Rabi, with his friends Joe and Miguel, is out for some baseball practice on a field out near the stink of his town's meatpacking plant. They are out there, rather than at the nicer field, because of the bullying of some of the other kids.  As bad as the regular stink is, they are interrupted by a smell that is beyond wretched, and that's where the story here truly begins.  That extra strong stink is part of the catalyst for the creation of zombie cows and for the action and adventure to follow.

This really is a perfect children's book with zombie cows, one of the meaner adults we meet early on turning into zombies, an evil conspiracy, adults and police that don't trust the children when they report that there are zombies on the loose.  Here is when the kids step up and have the chance to do something heroic.

I thought about it. "We all want to be important. I guess you just have to find some way to help people see who they are."

If that was all that Zombie Baseball Beatdown was about, it would be a good, fun book.  You could easily see how it could be a movie akin to The Goonies and be that story for a generation.

Zombie Baseball Beatdown has so much more.  Bacigalupi also deals with illegal immigration, the meat packing industry, working conditions at a meat packing facility, what really goes into the beef that we eat, ICE (Immigrations and Customs Enforcement), racial issues, culture, and what it means to be American.  It probably also has some other stuff that I didn't pick up on or that I didn't remember as strongly as the more prominent issues. 

"They do not care if people are hurt, because there are always more people from Mexico or Honduras or Ecuador. I have seen people lose arms and legs and fingers in that place. In those machines. Those fast knives..." He trailed off. "It is a sickness  in that place. They care about nothing except making a little more money. And now they feed their cows strange things to make them grow faster. They give them drugs to make them not die when they live in dirt and filth. They use the feathers and the droppings and bits of chickens from their chicken factories and grind them up and give them to their cows for food, because it is cheap to feed their cows the trash of other places...I see all of this, and I do not complain, because they will deport me like that." He snapped his fingers.

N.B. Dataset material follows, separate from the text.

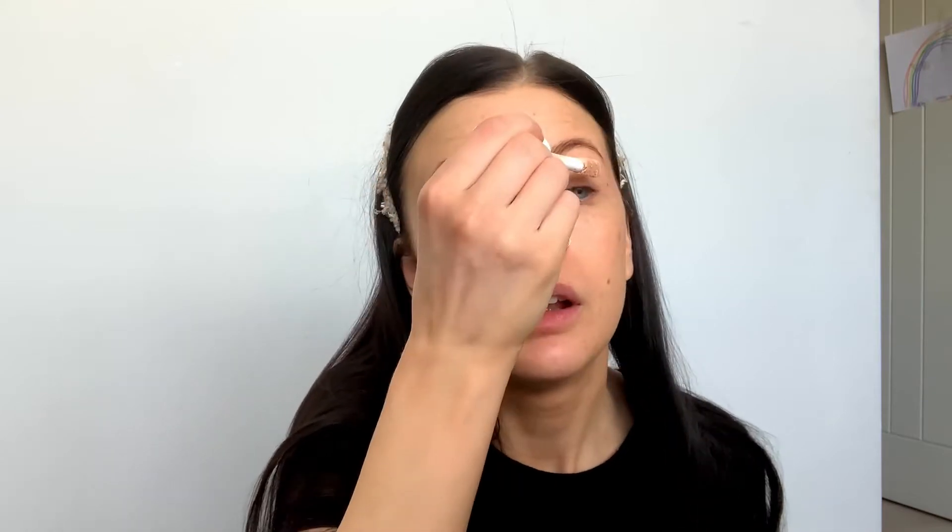The first thing I'm gonna do is take a tiny touch of concealer. I would always suggest using an actual eye primer because concealers can crease. However, my eyelids are very dry and I suffer with eczema, and I find using an eye primer makes my eczema flare up on my eyelids, so I use concealer instead.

Bacigalupi has written a very smart novel aimed at younger readers, and it works as both a fun and scary adventure story as well as being educational.  Having read the book, kids may be curious to learn more about any of those subjects and getting kids interested in learning more can only be a good thing.  Anything that entertains and educates is a winner in my book.  When it entertains as well as Bacigalupi's Zombie Baseball Beatdown, it's something special.  Make it fun, make it smart.  Bacigalupi does both. 

If I were more widely read in children's literature, I know if I needed to go on a rant here about how this is exactly the sort of book that should be published and that more of it should be published. But, I don't know if this isn't entirely representative of what is already out there and I can be reassured that my future children will have awesome and smart books to read and that I won't need to start stockpiling them now just in case all the good books disappear.  I may well be underestimating a large chunk of kid's lit that is being published, and given that I already know of authors like Kelly Barnhill, Anne Ursu, and Alison McGhee who are writing absolutely wonderful books for kids (and adults of all ages!), I shouldn't be as hesitant about what is out there.

I just need to open my eyes to what is out there. 

Either way, Zombie Baseball Beatdown?  It is an outstanding book.  For anyone and everyone.